The sequel has a long, distinguished history in novels, dating at least as far back as Melville and Omoo, a sequel to Typee, both now known mainly to crossword puzzle affecianados, and Little Women/Little Men. The novel series also has had a lengthy career, particularly in genre fiction. Chesterton's Father Brown mysteries, or Christie's Hercule Poirot or Miss Marple mysteries feature recurring detectives. More recently, the trend in fiction series has been to maintain some narrative continuity across books so that, although each book may be read independently and the new reader need not be familiar with the baggage of prior books in the series, the long-time reader can know the main characters more deeply than is possible in the constraints of a single novel. In Ian Rankin's work, we keep up with the evolving relationship between Inspector Rebus and DS Clarke, as well as the complex relationship between Rebus and mobster Big Ger Cafferty, over the course of many books. Still other works have multiple sequels but are not open-ended series; for example, James Blish's Cities in Flight tetralogy, which ends with the death of the universe, making yet another sequel problematic. (Don't worry, it's a cycling universe, so life goes on. Maybe. Sort of. Your IRA is dust, though.)
The point is that books have a beginning, a middle, and an end, and that end is important even if there will be one or more sequels. Everyone knows that Star Wars ended with a delightfully large explosion of the Death Star, and a viewer who left the planet for a solar system so distant that The Empire Strikes Back has not yet reached it would not live out his days pining for the film's release. Even though Star Wars was planned as the first film a trilogy (or beyond), the movie stands alone. To do otherwise would be to cheat the viewer. (One can argue that middle works of trilogies often do just that, as the narrative arc has to leave things looking dire after the middle work. But by then the reader or viewer has committed to the full project.)
All of which brings me to Connie Willis's Blackout. I don't consider it a spoiler to say that I felt cheated at the end. Around page 450 of the 500 or so pages, I had a hard time seeing how Willis was going to wrap this up in the number of words left in the book, and she didn't. The book ends with an annoying "Find out how things end in the next book, out in Fall 2010" notice. (The continuation, All Clear, was published Oct. 19.) Yes, the second book is even longer, at 656 pages, and a single novel of close to 1200 pages would be unwieldy. Let's face it, though, it is a single novel, and to read the first one, with no resolution of the conflict, is to feel cheated. I saw a claim on Amazon.com that this was her publisher's idea, which I believe, but still, it's a bad idea.

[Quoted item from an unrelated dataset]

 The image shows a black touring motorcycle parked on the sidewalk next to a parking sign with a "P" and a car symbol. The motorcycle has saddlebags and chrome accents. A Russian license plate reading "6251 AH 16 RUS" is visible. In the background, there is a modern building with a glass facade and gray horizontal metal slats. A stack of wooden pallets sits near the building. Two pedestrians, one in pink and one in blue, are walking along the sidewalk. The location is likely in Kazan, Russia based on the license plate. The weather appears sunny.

Having said that, part one of the book - that is to say, Blackout - is quite good. Willis returns to Blitz-era London (also the subject of Fire Watch) by way of her time-traveling Oxonians from 2060. Various students are traveling to observe different parts of World War II, among them Mike, who wants to observe the aftereffects of the Dunkirk evacuation; Polly, who wants to see the effects of the Blitz on Londoners; and Merope, who wants to see how the children evacuated from London during the Blitz fared in the English countryside. Each arrives at a time slightly off from that planned - "slippage," in their term. Events seem slightly different from the historical record they all studied. Mike finds himself not just observing the soldiers who returned from Dunkirk, but traveling to Dunkirk itself and helping rescue a number of soldiers, something that should not have been allowed to happen under Willis's complicated rules of time travel. (Travelers are not allowed to go to "divergence points," events where potentially small changes can have large historical effects.) Merope, employed as a maid in an aristocrat's country manor, finds herself in the midst of a measles outbreak and then in charge of taking three children back to London, and is trapped in 1940 when the portal back to 2060 will not open. Polly is trapped in London during the Blitz, her own portal damaged in a bombing raid. Each of the three stories is well-told. Polly's, in particular, gives the reader a flavor of the nightly terror of Londoners and the terrible conditions - and shared sacrifices - they made. Although the book doesn't have the impact of Willis's masterpiece, the Doomsday Book, or the humor of To Say Nothing of the Dog - both using the same conventions of time travel as Blackout, she tells a good story. Just be sure to have Part 2 on hand.
2 comments:
Thanks for the wonderful review. I have been a huge fan of Connie Willis since reading To Say Nothing of the Dog. I will have to investigate her newest novels.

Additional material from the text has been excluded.